Toza Sor, orjinal ismi Ask The Dust, filmi de var ama piç olmuş (izlemedim öyle diyorlar). Ama kitap muhteşem. Bukowski'nin methiyeler düzdüğü kitap. Herkesin yaşadığı bir hikayeyi, kimsenin anlatamadıği bir dille anlatan kitap. Hem her kelimesi her cümlesiyle, hem de anlatılan hikayesi sayesinde okunması gereken bir kitap. Bu kadar geç okuduğum için kendime kızıyorum.

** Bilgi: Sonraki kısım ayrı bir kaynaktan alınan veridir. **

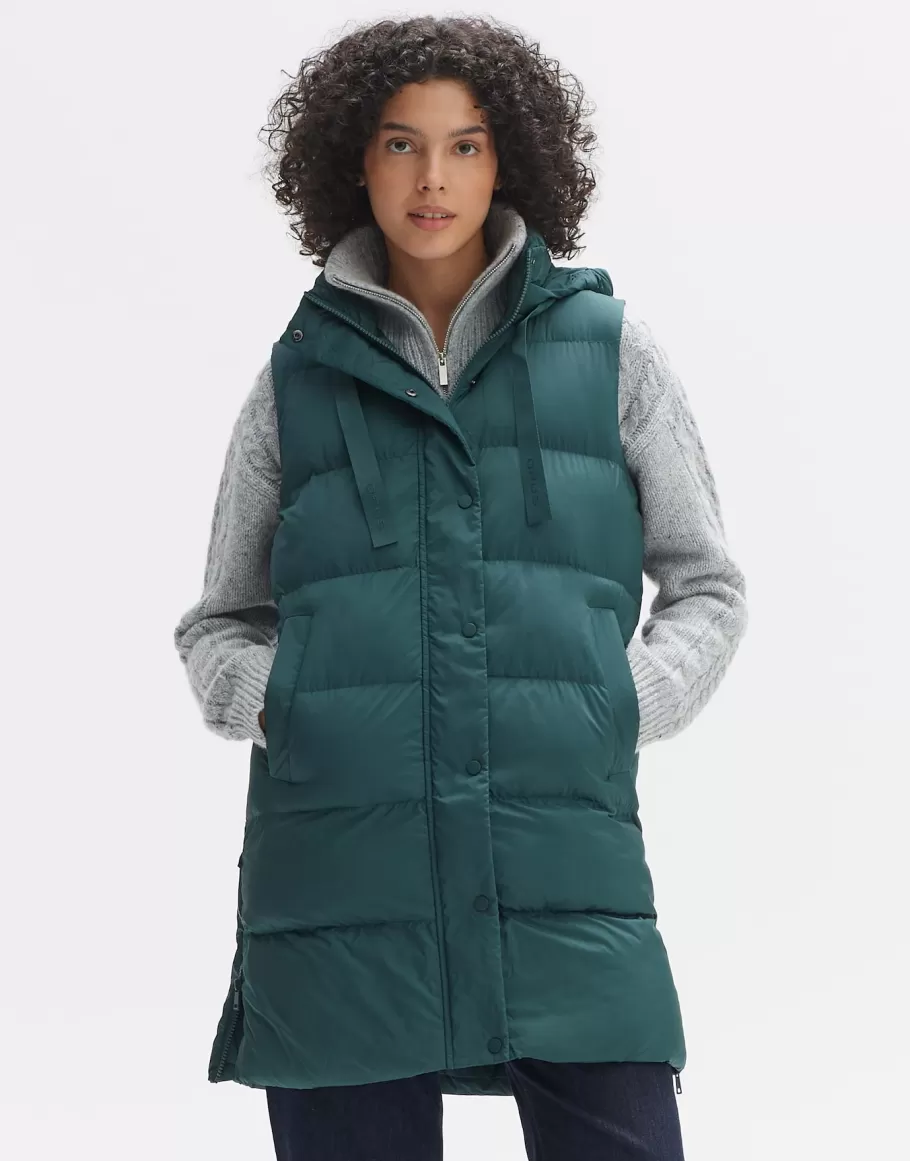 OPUS Fashion Gilet Wafina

Hikmet Temel Akarsu, Fante'yi yorumlarken der ki; "1930'ların Los Angeles'ı, 2000'lerin İstanbul'u benzeşik insanlık durumlarıyla doludur... Fante ise yaşayarak, duyarak, içinde olarak, kalbini açarak yazan bir yazar."

Aslında bakıyorum da iyi ki şimdi okumuşum. Diğer kitaplarını da acilen okumak lazım demek ki:

Bunker Tepesi Düşleri, Los Angeles Yolu, 1933 Berbat Bir Yıldı, Bahara Kadar Bekle Bandini... İsimleri bile güzel..

1 yorum:

Yağız Gönüler dedi ki...

bukowskinin hayran olduğu adamlardan biridir john fante. toza sor da şüphesiz en iyi kitabıdır.